Pascale Lacroix-Vézina est étudiante dans le cours DRT 6903 A (Éloise Gratton)

S’attaquer à la source d’un problème est souvent la manière la plus efficace de régler celui-ci définitivement. C’est pourquoi les groupes Danone, Auchan, AirFrance, France Télévisions, Lancôme, Renault, Trois Suisses et L’Oréal ont déposé une plainte en responsabilité auprès du registre EuroDNS et du registrar AFNIC, soient les organismes ayant la responsabilité de faire l’attribution des noms de domaine .FR.

En effet, ce groupe d’entreprises, tel qu’expliqué par le Professeur Cédric Manara dans un article paru le 14 septembre sur son site Domaines Info, accuse les registrars « d’exploitation injustifiée de leurs marques notoires », en ayant permis l’enregistrement de nom de domaine s’apparentant à leur marque de commerce.

Le typosquatting : définitions et objectifs

Le phénomène connu sous le nom de typosquatting est une forme de cybersquattage correspondant à l’utilisation d’un nom de domaine ayant une orthographe très similaire à celle du nom de domaine d’un site Web ayant un achalandage important. L’objectif de cette fraude est de prendre avantage des erreurs de frappe des utilisateurs lors de l’écriture d’une adresse dans le fureteur, redirigeant ainsi ces internautes vers le site détenu par le pirate. Par exemple, un pirate pourrait tenter d’enregistrer le nom de domaine www.goolge.com afin de profiter du trafic du site www.google.com.

Après avoir dirigé les utilisateurs vers son site, le pirate peut tenter de les berner en utilisant une interface et des contenus semblables au site d’origine, ce qui amène les internautes à penser qu’ils sont sur le vrai site Web. D’autre part, un contenu complètement différent peut être présenté sur le faux site. Le pirate souhaite, dans ce cas, profiter de l’achalandage pour effectuer des profits, principalement par la vente de bandeaux publicitaires, ou pour distribuer des virus et autres logiciels malveillants.

Décision de la cour dans la cause

En se basant sur l’article L.45 du Code des postes et des communications électroniques (CPCE) (pdf), le juge a conclu, dans la cause présentée ci-haut, que les registrars ne sont pas de simples intermédiaires dans l’attribution des noms de domaine et que ceux-ci ont bel et bien une responsabilité dans le cadre de leurs fonctions. Toutefois, il n’a pas admis le fait que les registrars font « usage » des marques notoires, tel que l’affirmaient les demandeurs.

Par ailleurs, comme l’enregistrement d’un nom de domaine est un contrat qui est conclu à distance, en général directement en ligne, le juge a conclu que le registrar ne peut en aucun cas connaître les intentions d’un client à enregistrer un nom de domaine. Le juge a ainsi rejeté la poursuite du groupe d’entreprises. Il a néanmoins précisé que lorsqu’une situation de typosquatting est amenée à son attention, le registrar a « une responsabilité de résultats » afin de retirer un nom de domaine qui porte atteinte à la propriété intellectuelle des entreprises.

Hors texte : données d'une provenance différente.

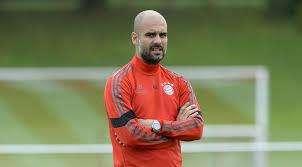Bayern Monaco, sentite cosa dice " Pep" 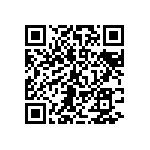 SIT8208AI-23-33S-66-666660X QRCode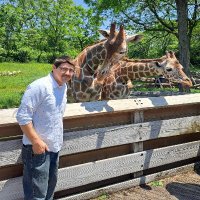 Michael Musco (@muscomusic) 's Twitter Profile Photo Michael Musco (@muscomusic) 's Twitter Profile Photo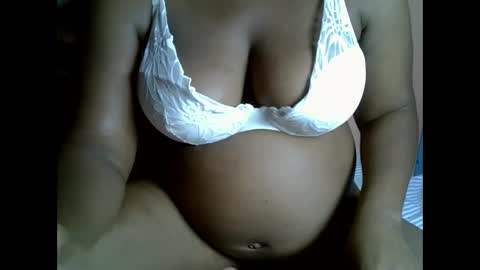 lowenyangvalentine online show from November 2025 02:43:02 AM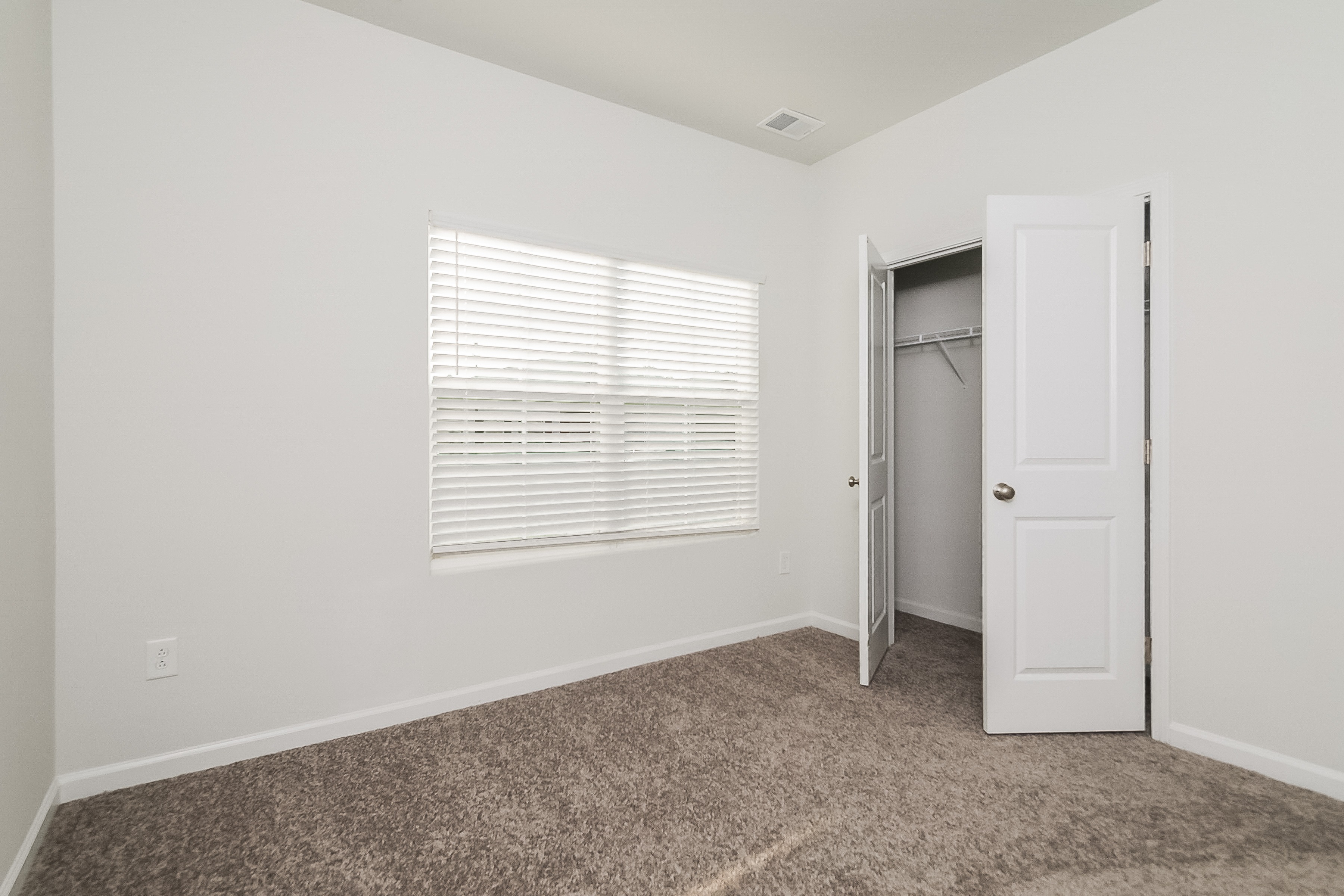 316 Augustine Drive - Image 6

Recours légaux pour les entreprises victimes de typosquatting

La décision du tribunal dans cette cause réitère le fait que les entreprises doivent gérer une par une les situations de typosquatting dont elles sont victimes. Elles doivent en premier lieu s’adresser au site contrevenant, en lui demandant de cesser ses activités. Dans l’éventualité d’un refus, des recours sont possibles, principalement aux États-Unis sous l’acte de 1999 Anti-Cybersquatting Protection Act (ACPA).

Cet acte prévoit que le fraudeur devra rembourser à la victime un montant allant jusqu’à trois fois la somme des dommages totaux qu’elle a subis, principalement en lien avec la perte de revenus et des dommages relatifs à l’image de marque.

En somme, la décision de la Cour dans cette poursuite rappelle que l’ACPA vise à protéger les marques enregistrées des entreprises et non pas à les protéger contre des sites de commentaires, de critique ou de comparaison. Le registrar ne pouvant supposer à l’avance que les noms de domaine enregistrés seront utilisés à des fins frauduleuses, il ne peut être tenu responsable des cas de fraude que connaissent les entreprises.